He’d probably lived in Chavez Ravine, just north of downtown. That had been a solidly Mexican, and terribly poor, part of town till the A-bomb fell. The people from there who’d lived through the blast had come farther north yet, into Glendale. Maybe this guy’s older brother was the so-and-so who’d made the family Nash disappear.

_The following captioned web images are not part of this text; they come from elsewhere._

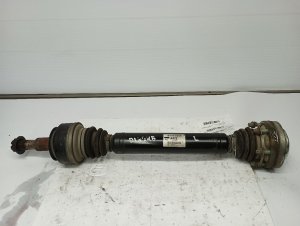 2017-2024 Chevrolet Camaro Drive Axle Shaft - Left (Driver) (Used OEM)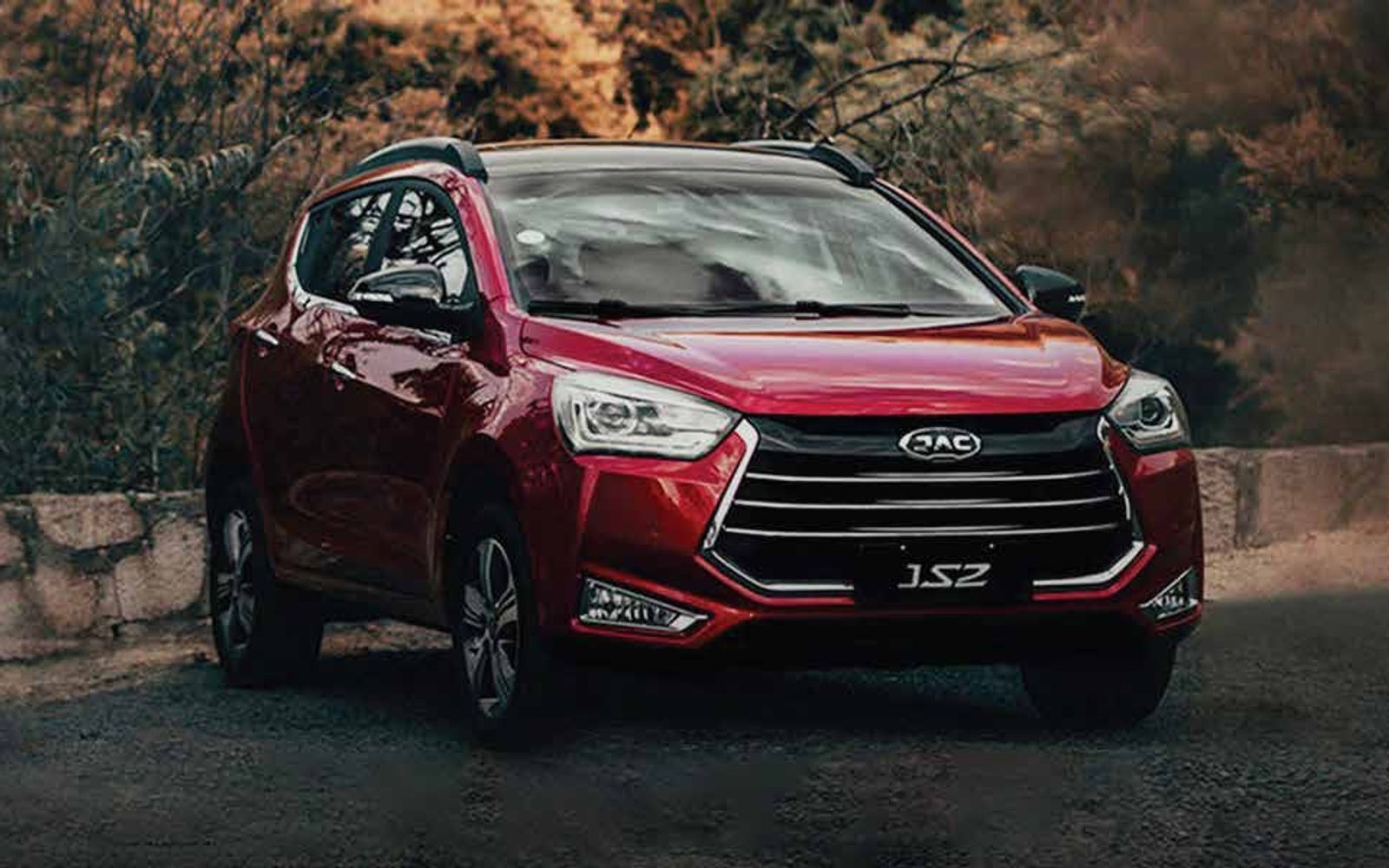2026 JAC JS2 1.5L, photo 1
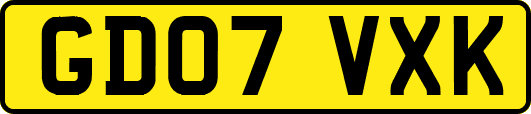 GD07VXK
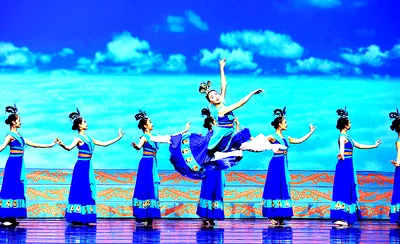 Shen Yun Performing Arts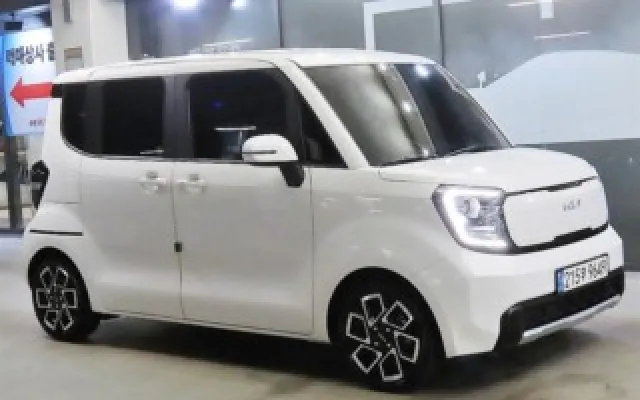 그랜드스타렉스 중고차 더 뉴 기아 레이 시그니처 매물 사진 14 - 2023/03 53,382km
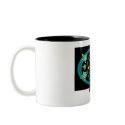 Aquarius Mug by turtledovecreations Aquarius Mug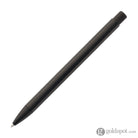 Faber-Castell Design Neo Slim Aluminum Ballpoint Pen in Gunmetal Ballpoint Pen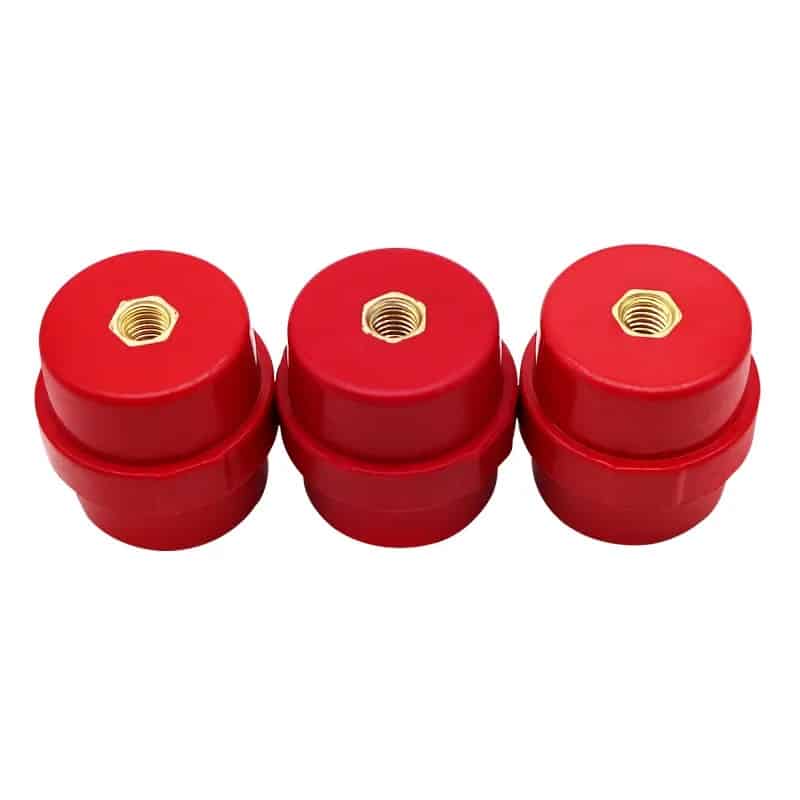 SM Busbar Supports - Electrically Insulating Busbar Clamps and Braces - Image 4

But how could you stay mad at a skinny fourteen-year-old who so badly needed the stuff he’d walked off with? Aaron tried. He couldn’t do it. “Give me back the groceries, son,” he said.

As the kid handed over the Vons bag, he really did start to snuffle. “Mierda,” he said, more to himself than to Aaron. “I can’t even steal right.”

“Oh, for God’s sake!” Holding the bag in the crook of his elbow, Aaron dug his billfold out of his back pocket. He pulled out a five and handed it to the kid. “Buy yourself some chow with this. Nobody should have to steal for food. Go on, beat it.”

The kid looked at the bill as if he couldn’t believe his eyes. “You don’t gotta do that, Mister!” he blurted.

“Never mind what I’ve gotta do. Get lost. Amscray,” Aaron said. The kid stuck the fin in the pocket of his faded, ragged jeans and took off like Jackie Robinson swiping second. No, Aaron never would have caught him if he hadn’t had a burden.

Shaking his head, he started back to the house. Ruth was standing on the walkway. She must have come out when he didn’t bring in the next load.

“What was that all about?” she asked as he drew near.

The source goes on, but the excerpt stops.